No one would confuse The Strain with great TV (though it's occasionally fun), but FX put it on the air, among other reasons, so it could list Guillermo del Toro as among its stable of creators. Boardwalk Empire landed on the air as a series with a pilot directed by Martin Scorsese, pre-selling it in such a way that obscured its very real problems. As much as I'm looking forward to the revival of Twin Peaks, it's not as if TV series' revivals have a great track record. And even if I love Togetherness, there's no way that show would have gotten on the air if it wasn't from a couple of acclaimed indie film directors.

This has only been heightened by Netflix and Amazon, particularly the latter, which has never met a person best known for work in another medium it couldn't wait to throw money at. Some of these series (Alpha House) have been mediocre. Some (Mozart in the Jungle) have been good. But all of them have struggled through weaker early episodes that suggest all involved were figuring out what a TV show even looks like, trying to break a movie or longer story up in chunks, which often results in clunky, confused storytelling.

Plus, all of this ignores that both services' most acclaimed, breakout series — Orange Is the New Black and Transparent — come from people who have worked extensively in TV: Jenji Kohan and Jill Soloway, respectively. In both series, women who have TV in their blood were figuring out the possibilities of working within a new format, where they know viewers will likely have seen all of the prior episodes.

What makes these shows so exciting is not that they're "different" from TV, but that they're built atop a solid foundation of TV-ness, before stretching off in fun, new directions.

Why a Woody Allen TV show is unnecessary

There's no reason for a Woody Allen TV show. It would be wonderful if he made a great one, because the world can always use more terrific TV shows. But I find it hard to believe he's somehow going to top the great Woody Allen-esque TV show we already have on the air in FX's Louie (a series that, let's remember, struggles to find viewers). That show's tales of New York life and romantic frustration beautifully encapsulate many of Allen's pet themes in microcosm.

And Louie also comes from a man whose name doesn't lug around with it the whiff of radioactivity.
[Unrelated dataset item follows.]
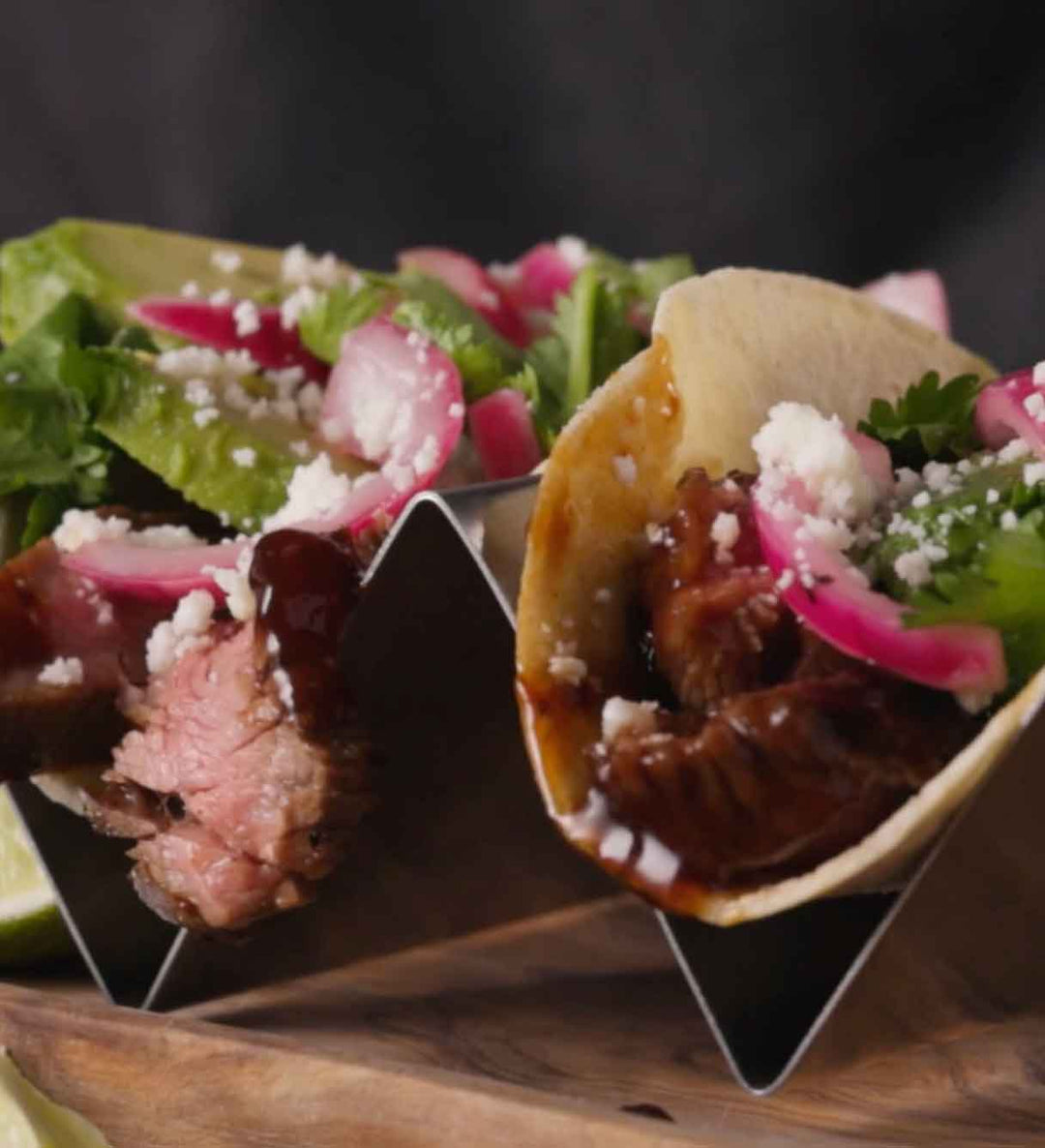Glazed steak tacos topped with pickled red onions, white cheese crumbles, and fresh cilantro served in metal holders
Allen was never going to be punished for the things he's accused of, because they are impossible to prove in a court of law. That meant his accusers turned him over to the court of public opinion, hoping that public outrage would sink his career.

The pronounced anger at the Amazon deal is mostly because this simply failed to happen. Nobody who could give Allen lots of money to make movies (or TV shows) turned out to really care, the second it became financially expedient to not care in such a way. It's horrifying and craven, and it's not hard to see why sexual assault victims are offended.

But Allen's successes in other fields blinded these executives to all of the other reasons this is a terrible idea as well. Many movie directors are now opting to move to TV, but there's still a pervasive opinion that television occupies a second-place status to film. Yet there's no good reason to think film people understand TV any better than those who've actually worked in the medium all these years.

If Amazon truly wants to make groundbreaking TV, it shouldn't be trying to sign movie directors. It should be trying to find people who understand the form and what makes it tick.